Sheeping up to Boston

An ark preserved from the clamour of the world.

Sheeping up to Boston

Anyone rounding the bend in the woods will witness something akin to an apparition. Cows, ewes, vines, meadows, and vegetable gardens all materialise, united in peaceful symbiosis, as if on an ark preserved from the clamour of the world. The Boston plot certainly lives up to its nickname of an îlot, meaning both a swath of land and “a small island.” This place is unique, apart. Yet instead of being relegated to annex status, the territory is equal parts wild and beguiling, simultaneously far from the château and central to Palmer’s holistic ambitions – of which it is the perfect embodiment.

Everything appears to be in its place, in harmony. Boston is indeed like an island floating amid the Médoc peninsula. Some 20 plots surrounded by pines, oaks, and dry hedges. Two gravelly hilltops patiently trodden by cattle. An ecosystem in itself; one long considered indomitable, and which today is the subject of an oxymoronic litany: indomitable Eden, fierce but lush, exhausting but delectable. “A thankless terroir with unlimited potential,” says Sabrina Pernet, Technical Director of Château Palmer. Everyone talks about it as if it were a gifted yet unruly teenager – a youngster who, in the end, is always given a chance.

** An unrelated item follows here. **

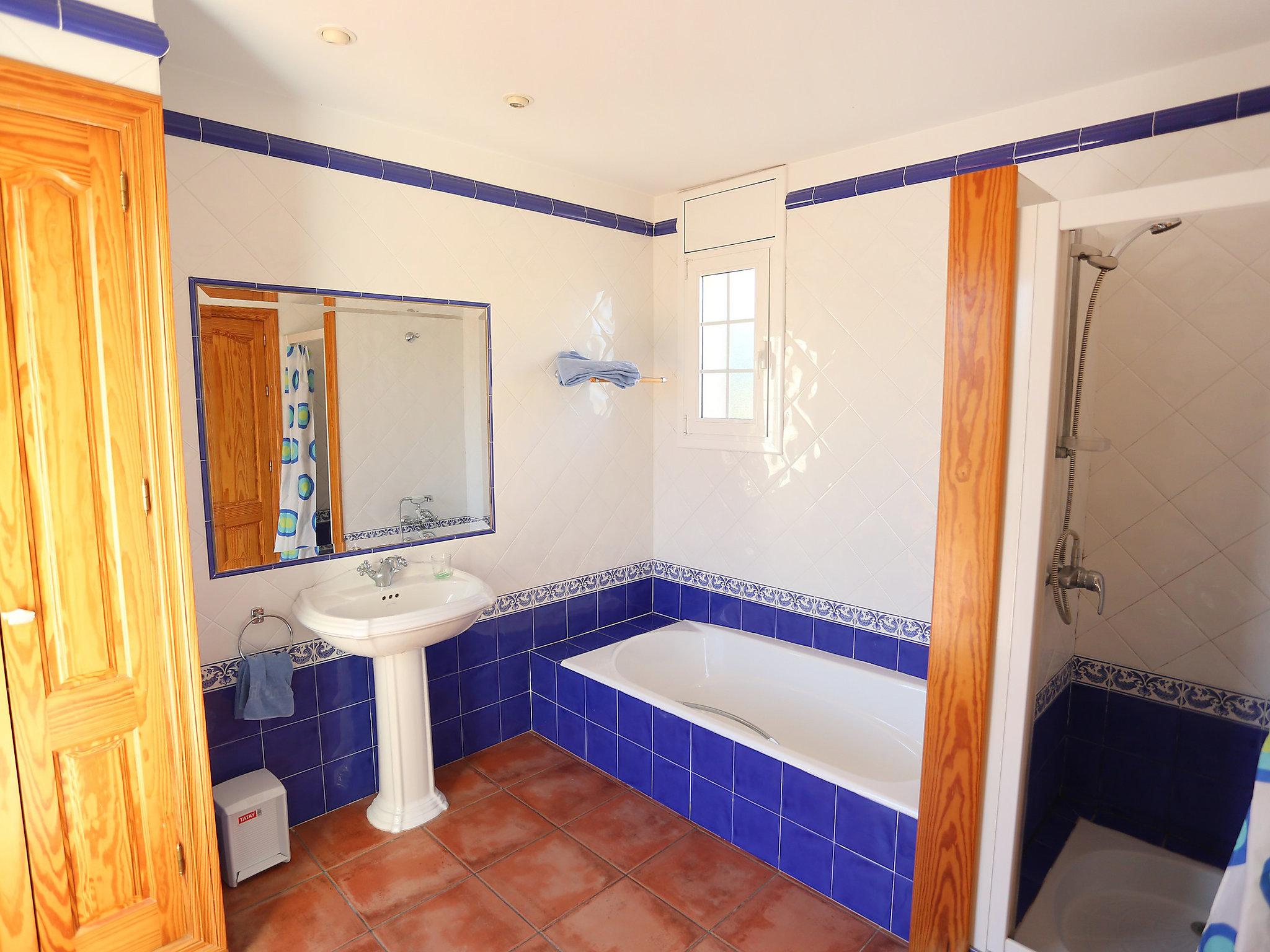 Foto 12 - Casa de 3 quartos em l'Ametlla de Mar com piscina privada e jardim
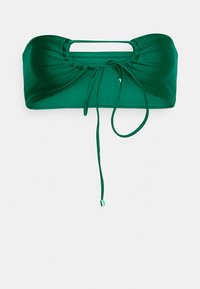 Top de bikini verde em formato bandeau com um design franzido, apresentando um recorte nas costas e um laço ajustável. Feito de um tecido liso e elástico.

This is not the îlot’s first time. These fine plots, so complex to cultivate and nestled three miles from the estuary, were originally acquired by Major General Palmer. They were then sold in 1938 by the Pereire brothers’ descendants to a consortium of Bordeaux wine merchants, and then to a horse trader who tore up the vines to graze his cows. For the second half of the 20th century, Boston – named after the little stream meandering through the north section of the site – was nothing more than a vast, grassy expanse. The fallow land was purchased in 1993 by Vincent and Natacha Ginestet, who replanted it with Cabernet Sauvignon ten years later, returning the 32 acres to their original vocation. This launched Château Boston, a winegrowing venture that lasted a decade.

“A thankless terroir with unlimited potential”
Sabrina Pernet — Technical Director at Château Palmer

This was also when Fany Nunes discovered the world of viticulture, at a time when she felt as rebellious as the boisterous, young vines planted at 24,000 stocks per acre. Boston welcomed her – and offered a personal challenge. “If I hadn’t started out on these plots, I’d never have developed such a passion,” says the winemaker, who is now the îlot team leader. Few others have experienced the ambivalence of this terroir as she has. On a good day, it is a paradise: “I see it as an enchanted forest. In the morning, when you arrive amidst the fog, there’s something mystical about it. You can hear the birds and cows and see deer in the distance.” Meanwhile, the bad days offer tumultuous vines, stony soil, the threat of frost, and unpredictable harvests.

“The behaviour of the vines fluctuates a lot here,” says David Pernet, an agricultural engineer who worked as a consultant for both Château Boston and Château Palmer. From one year to the next, it can range from exuberant to insufficient. The conditions are hard to control, and the terroir is more exposed to the cold than the appellation’s average – and therefore more sensitive to climatic constraints and mildew. What’s more, the soil is extremely gravelly, contains very little clay, and releases a lot of nitrogen. As a result, it’s up to the winegrowers to manage the temperature changes and to fulfil the soil’s role as a buffer through quick reactions and tireless effort.”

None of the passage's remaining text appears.